Editorial: Pays to get involved early on forest plan
Published 5:00 am Friday, January 10, 2025
- Mount McLoughlin in Jackson County is located within the Rogue River-Siskiyou National Forest, which is subject to the landmark 1994 Northwest Forest Plan. The U.S. Forest Service is proposing amendments to the plan to address evolving issues related to wildfires and climate change.
The Pacific Northwest is filled with 24 million acres of national forest. The Northwest Forest Plan manages those lands, which range from the rainy coastal wetlands of western Washington down to the ancient, alpine bristlecone pines of northwest California.

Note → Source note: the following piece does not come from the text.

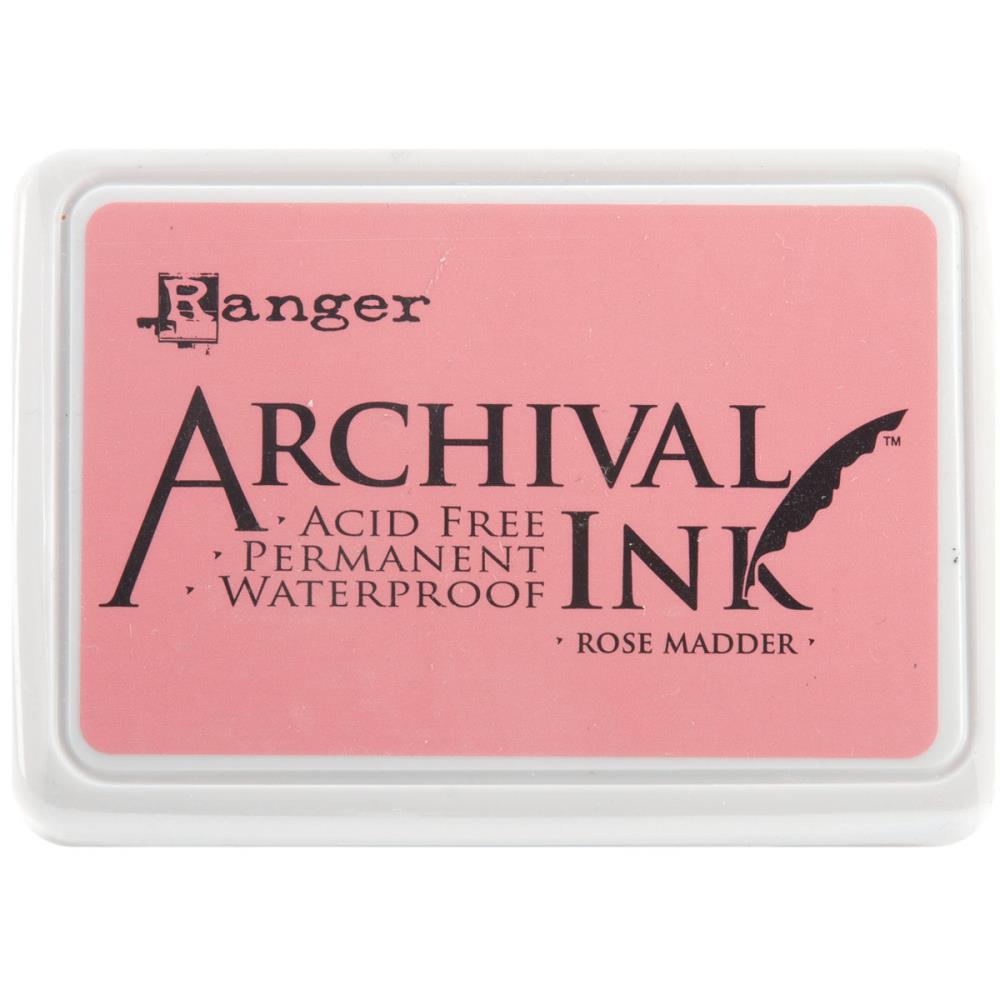 Coastal Coral Archival Ink Pad #0 - Ranger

How complicated a plan that must be when it provides overarching policy for trillions of plants and animals and nearly as many human uses and desires.

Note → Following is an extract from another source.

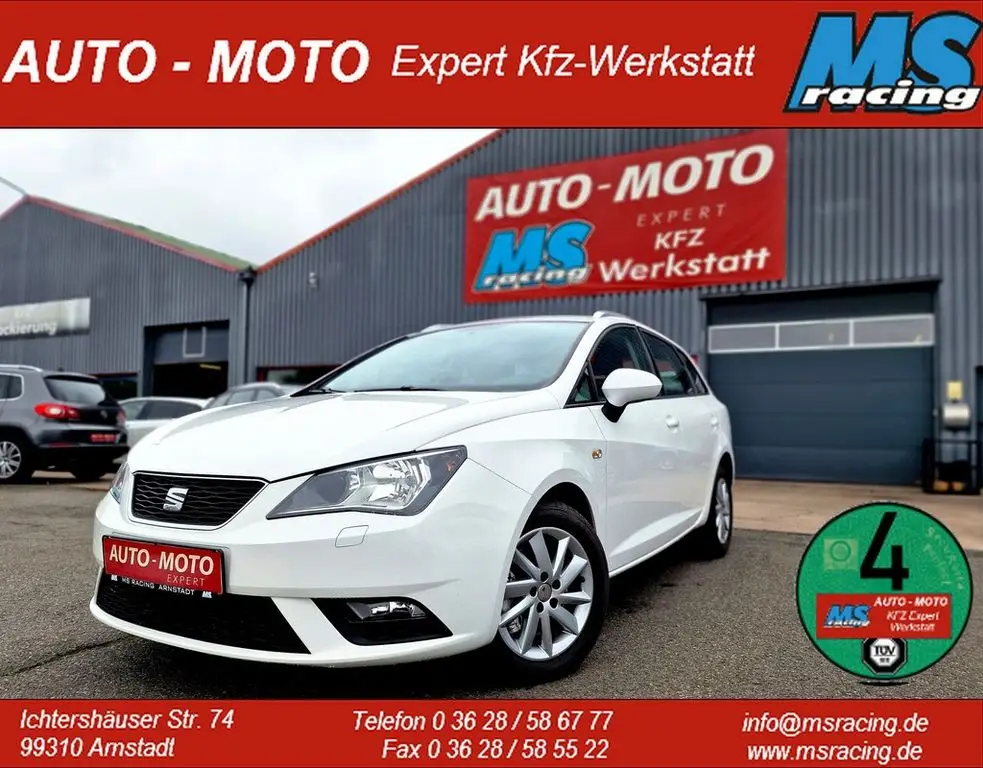 Photo 1 : Seat Ibiza 2014 Diesel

How complicated, too, is the process of creating it.
That complicated process is now underway. For the next six weeks, the U.S. Forest Service and Bureau of Land Management will host public meetings on possible amendments to the massive forest plan, which hasn’t been updated since Bill Clinton was president and O.J. Simpson took a drive down a California freeway in a Ford Bronco. It was 1994!
Central Oregonians have the opportunity to say their piece in person at 5:30 p.m. on Feb. 13 at the Sisters Fire Station, 301 S. Elm. If you can’t make that, you can also comment online here: bendbulletin.us/nwfpcomments. The comment period closes on March 17.
The current timeline calls for those public comments to be taken into consideration before producing a draft plan and environmental impact statement by November.
We won’t hold our breath. A government process this complicated, with this many competing interests, seems ripe for falling behind schedule.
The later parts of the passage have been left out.